Rainer Beckers: Ich bin mir sicher, dass die Patientinnen und Patienten die eigentlichen Profiteure sein werden. Was die Finanzierung der Telemedizin im engeren Sinne angeht, ist man zumindest in Deutschland wirklich bei einem schwierigen Thema, auch wenn sich allmählich positive Änderungen abzeichnen. Ich versuche es mal in wenigen Sätzen zu skizzieren: Wenn Telemedizin für jeden verfügbar sein soll, muss sie für die Ärzte abrechnungsfähig sein. Voraussetzung dafür ist, dass ihr Nutzen belegt ist. Genau hier sehe ich jedoch momentan den wichtigsten Regelungsbedarf. Es geht nicht an, die Anforderungen an den Nutzennachweis so hoch zu legen, als wäre Telemedizin gleichermaßen riskant wie ein hochwirksames Medikament.
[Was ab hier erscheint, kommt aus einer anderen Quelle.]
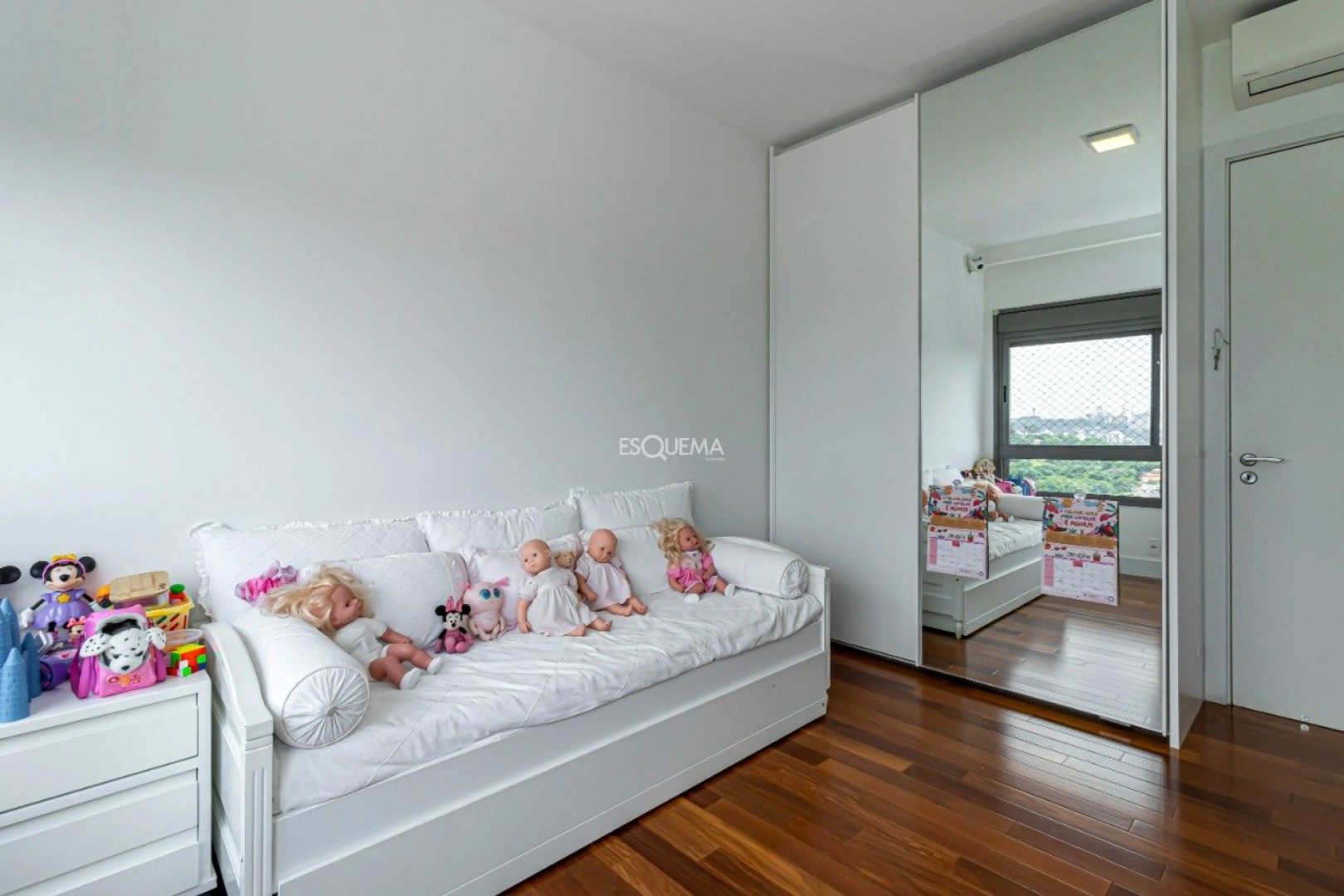 Apartamento com vista livre 360° - Imagem 13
Hier gibt es eine Menge Regularien, die neu interpretiert werden müssten. Ich gehe davon aus, dass dies sogar im Interesse der Krankenkassen sein wird, da Telemedizin durchaus in der Lage ist, Kosten zu reduzieren und Qualität zu steigern. Versicherungsunternehmen, die dieses Potenzial erkennen, werden also profitieren. Wir alle aber können zu den Verlierern gehören, wenn das Gesundheitswesen in dieser Hinsicht nicht innovationsfreundlicher wird.

VWheute: In Deutschland darf ein Arzt ein telefonisches oder Online-Behandlungsgespräch mit einem Patienten nur führen, wenn er ihn auch persönlich behandelt. Ist dieses sogenannte Fernbehandlungsverbot eine Hürde bei der praktischen Anwendung der Telemedizin?

Rainer Beckers: Das Fernbehandlungsverbot zählt sicher nicht zu den wesentlichen Hürden der Telemedizin in Deutschland. Es fehlten hier aber lange Zeit Interpretationshilfen, um die nachvollziehbare Verunsicherung der Ärzteschaft abzufangen. Dies hat die zuständige Bundesärztekammer nun dankenswerter Weise im letzten Jahr nachgeholt. Auf eine einfache Formel gebracht: Demnach ist schon jetzt jede Form von Telemedizin erlaubt, wenn sich Arzt und Patient bereits einmal persönlich gesehen haben. Für die Modernisierung unseres Gesundheitswesens durch Telemedizin bleiben also reichlich Spielräume.

Die Fragen stellte VWheute-Redakteur David Gorr.

Bild: Rainer Beckers, Geschäftsführer vom Zentrum für Telematik und Telemedizin (ZTG) in Bochum.